安心、安全へ「大きな一歩」 ALS患者支援、埼玉県など人工呼吸器メーカー4社と協定 停電時の安全確保

  • 協定を締結した大野元裕知事(右から3人目)と患者団体や人工呼吸器メーカーの代表者ら=26日、埼玉県庁

 筋肉が次第に痩せて力がなくなる指定難病の筋萎縮性側索硬化症(ALS)患者の安全確保を図るため、県は26日、人工呼吸器を扱うメーカーなど4社や日本ALS協会県支部と協定を締結した。災害時の停電による人工呼吸器の停止などに備え、事前に情報共有し、必要に応じて関係機関に通報する。県によると、人工呼吸器メーカーやALS患者団体と都道府県が協定を結ぶのは初。

 人工呼吸器を使用している患者は災害時の停電やバッテリー切れなどにより生命維持に危険が及ぶ恐れがある。協定に基づき、同県支部は同意を得られた患者の個人情報を県やメーカーなどと共有。災害時にメーカーが患者の状況を確認するとともに、危険が見込まれる場合、県内保健所が市町村や消防本部に通報するなどして迅速に情報共有し、患者の命を守る。

 協定を締結したのは人工呼吸器メーカーのチェスト(東京都文京区)、フィリップス・ジャパン(東京都港区)、フクダライフッテック関東(さいたま市桜区)と医療機器輸入商社の東機貿(東京都品川区)の4社。

 締結式には、同県支部の支部長で2012年から症状が出たという中村秀之さん(53)=さいたま市桜区=が車椅子で出席し、メッセージを妻の静香さん(46)が代読。「私自身も夜は呼吸器を装着しており『寝ている間に停電になって内部バッテリーも消費しきったらどうしよう』と考えることが少なくない」と不安を明かし、「行政と呼吸器メーカーが協力することになり、患者にとって大きな安心感につながる」と協定締結を歓迎した。

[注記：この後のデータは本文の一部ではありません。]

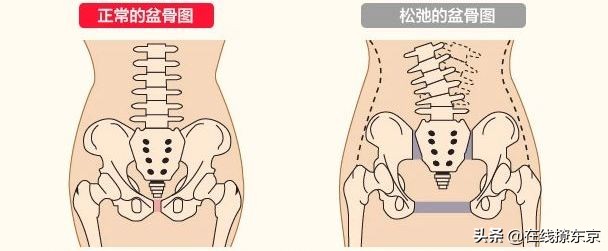 雅宝JAPAN推荐，骨盆矫正好物，产后骨盆变形的麻麻看过来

 同協会県支部の丸木雄一事務局長によると、県内でALSと申請しているのは約500人で、在宅で医療的ケアを受け、災害時に支援が必要な人は100人程度いるとみられる。埼玉精神神経センター(さいたま市中央区)のセンター長も務める丸木事務局長は「東日本大震災の時も保健所だけでは患者宅を回ることがとてもできなかったが、一軒一軒回ってくれたメーカーから次々に報告が入った」と企業の協力に謝意を示した。

 大野元裕知事は「メーカーや市町村の協力を得て、災害弱者のALS患者にとっての危険性を回避するため、(協定が)大きな一歩となった」と協力の意義を強調した。